In late 1980s the running track was removed and gave room for sports played at oval fields, most notably the Australian football. Attempts to hold cricket games here also happened, but remained fewer.
The stadium switched from oval to rectangular (or football/rugby-specific) in 1997, ahead of the 2000 Olympics, during which the stadium saw two football games. Stands were now sunken lower into the ground and brought closer, but remodeling cost seven times the early estimates, causing huge controversy.
Two football clubs grabbed tenancy of the stadium, Canberra City FC and Canberra Cosmos, but both were dissolved not long afterwards. Third attempt came in 2009 as A-League franchise was to be given, but Canberra lost the race to Sydney and Melbourne.
The stadium has been subject to demolition plans over the last several years, but so far none of them came to fruition.
The history of sports in this precinct of Parramatta, western suburbs of Sydney, goes as far back as to mid-nineteenth century. Though it was horse racing and cricket at that time, this is still a background many stadia around the world don’t have.
The current stadium’s story is more simple: work began in late 1984 and was done within a year. Opening took place in early 1986 and Queen Elisabeth II herself opened the stadium.
With a few decades of operation behind the stadium today, there’s been a variety of events held here. Along rugby use there were also concerts of world’s greatest performers, like Michael Jackson or Paul McCartney. For us it’s the football that matters most, though. This discipline settled here last, in 2012. This didn’t stop Western Sydney Wanderers from building a solid fanbase.
In late 2013 the stadium gained its first naming rights partner, local company Pirtek.

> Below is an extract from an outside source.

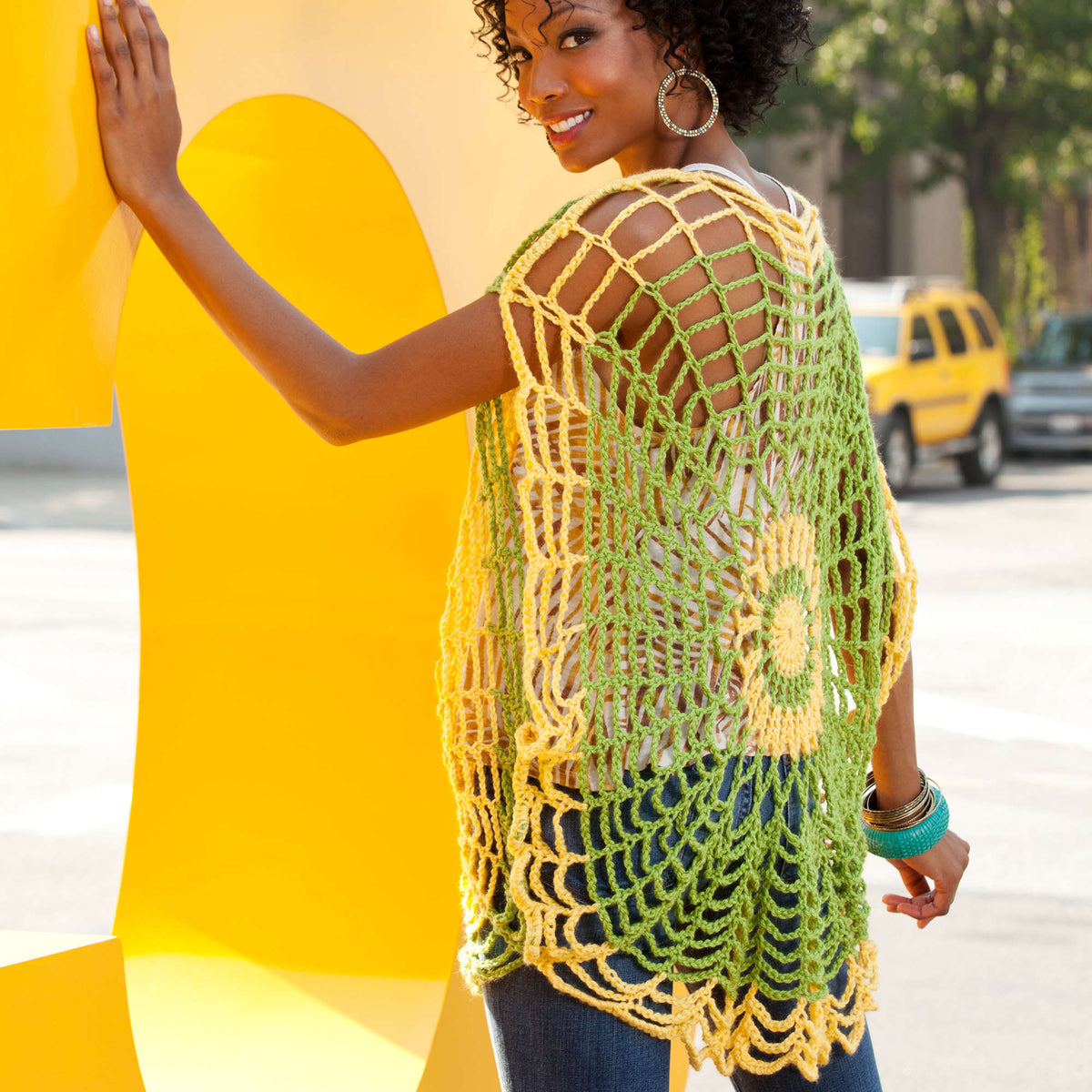 Crochet Tunic made in Red Heart Bamboo Ewe Yarn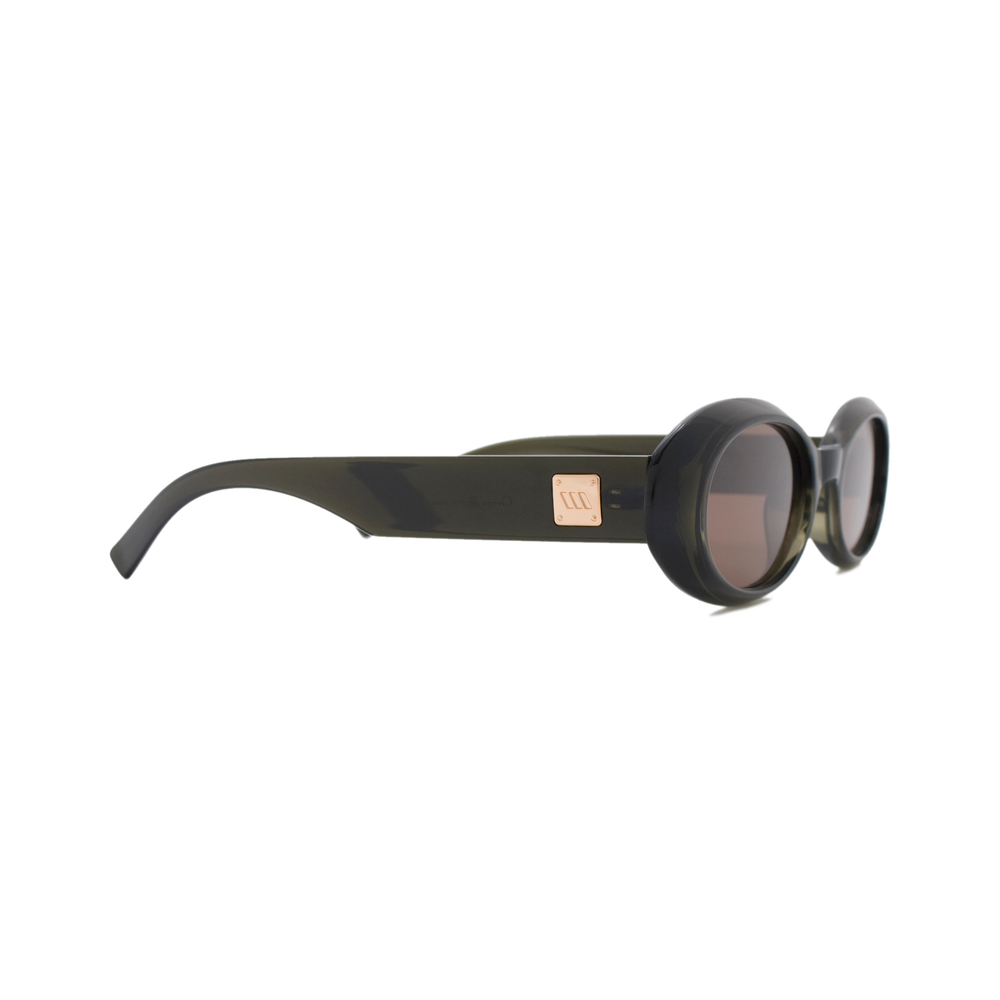 Очки Genex Sunglasses 693 c.604 овальные прозрачные зеленые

The sponsorship coincided with plans to refurbish the stadium that is seen as somewhat outdated, especially in terms of corporate facilities. Works should be delivered in 2015.
Sports in this picturesque location in central Gosford were played since 1915. Plans to build the current stadium date back to 1990s, when a major rugby team, North Sydney Bears, was expected to move here. Construction was expected to end in 1999, but due to weather conditions was delayed to early 2000.
Ironically, the rugby side never began to play here as they merged with another team at that time. With the unexpected turn of events only some games were held in the first years of the stadium’s operation, like the 2003 Rugby World Cup.
It wasn’t until 2005 that an anchor tenant was found, this time a football club, the A-League Central Coast Mariners. The club remains the ground’s main user to date.
Stands at the stadium have an interesting layout. There’s no south stand and the end zone is open towards the Brisbane Water with only a row of palms in the way. Both side stands are double-tiered and partly covered, while the north end is an open single tier.
In its short history the stadium already had several different naming rights partners. All names are derived from Central Coast Stadium, the formal name, which replaced the Grahame Park naming from 1915.
One of three athletic stadiums created within the extensive Sydney Olympic Park. The stadium lies south of ANZ Stadium and has one covered stand holding up to 5,000 seated spectators.